The decision on the financing of a controversial incinerator project in Norfolk has been delayed in the face of public opposition.
Defra secretary of state Caroline Spelman has withheld release of credits for the £500m Willows Power and Recycling Facility on the outskirts of King’s Lynn because of concern about the “large volume of objections”.
A local government source told MRW it “threw the whole of the government’s waste strategy into question” and other departments, including Communities and Local Government, were said to be concerned by the decision.
Norfolk County Council had secured provisional credits to help offset the cost of the project and was expecting confirmation of their final release based on a business case which the council said had “already met stringent Government value-for-money tests”.

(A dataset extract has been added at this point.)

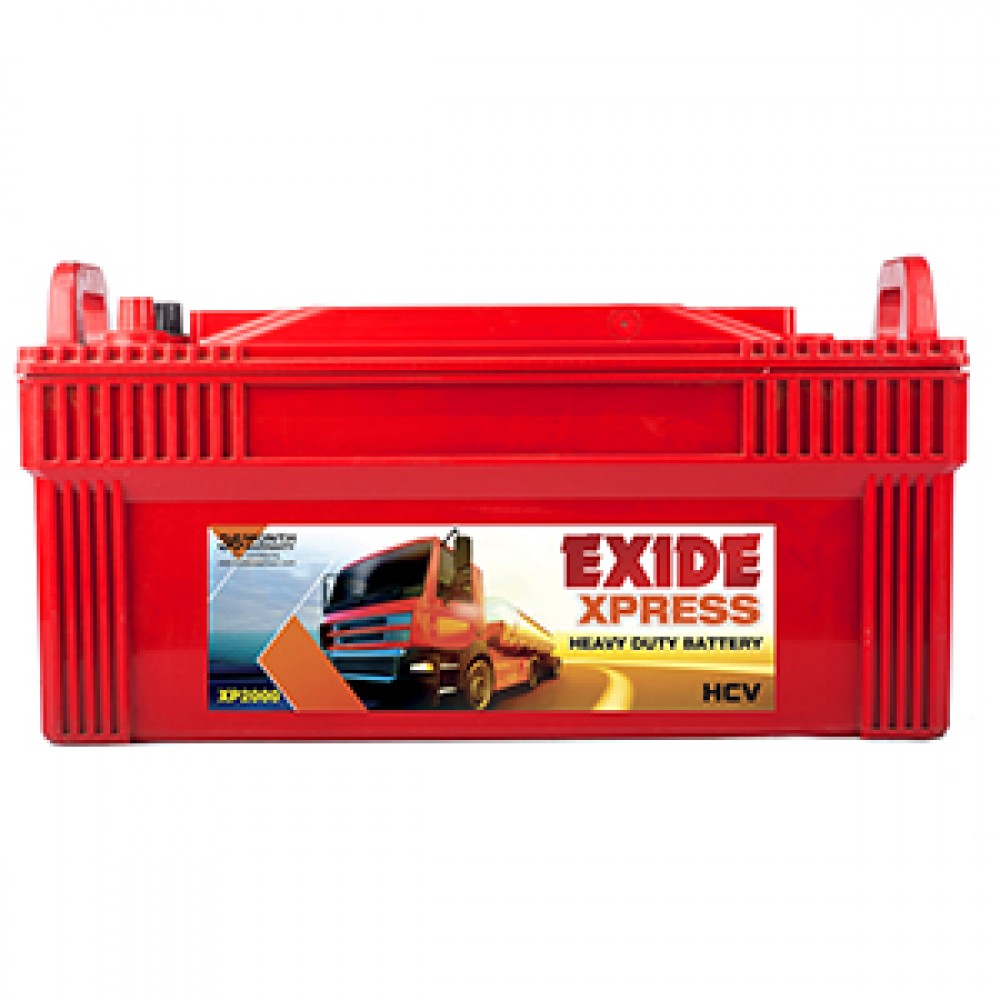 exide xpress xp2000 (200ah) battery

The council has released a letter from Spelman saying she wanted more evidence the scheme met a criterion that: “Proposals should demonstrate that other relevant authorities, the public and interested parties have been consulted and that there is a broad consensus supporting a recognised long term waste management strategy which is reflected in the proposed solution”.

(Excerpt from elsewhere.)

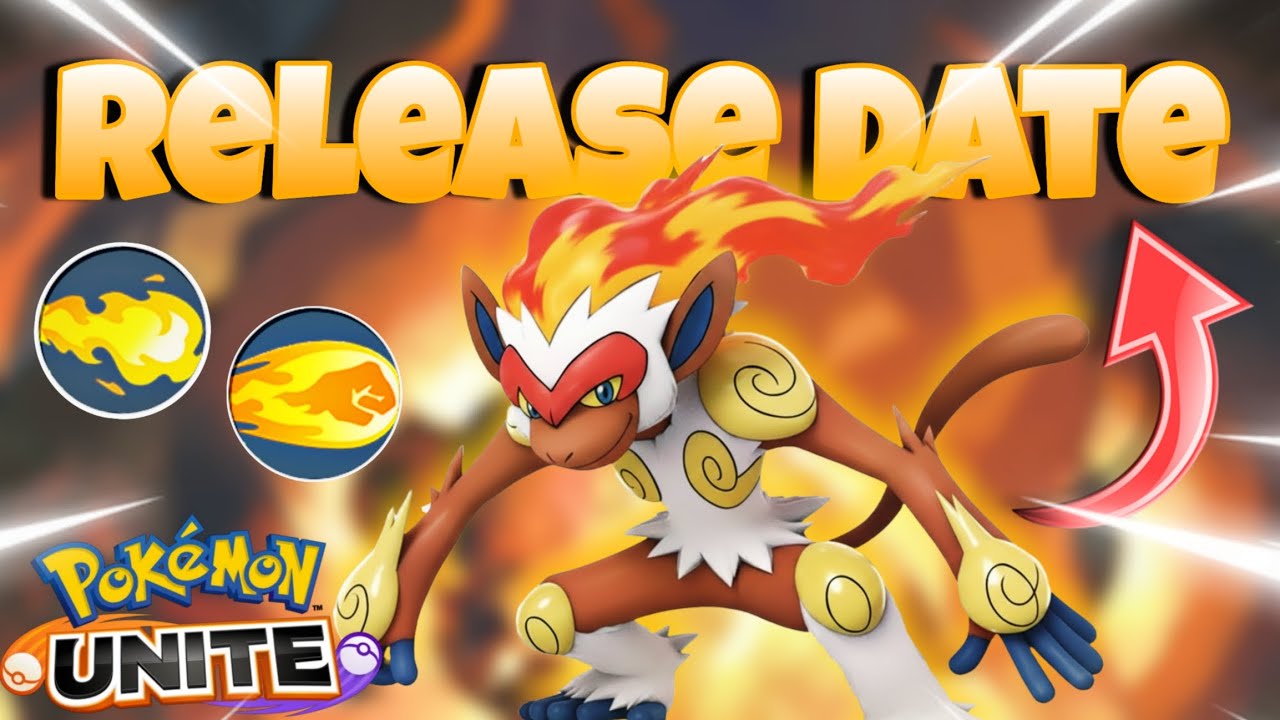 What if ?? INFERNAPE in Pokemon Unite ( Theory) || Apex kun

One source said the move followed pressure from local MPs, including Foreign Office minister Henry Bellingham, who represents North West Norfolk.
Speaking from an official trip in Africa, Bellingham told MRW: “This is not the right technology for dealing with Norfolk’s waste. It’s a huge project that won’t just take the county’s waste but waste from across the region. I don’t think that any company can push something like this through without some support from local people.”
Cory Environmental teamed with US firm Wheelabrator to design, build, and operate the 268,000 tonne facility.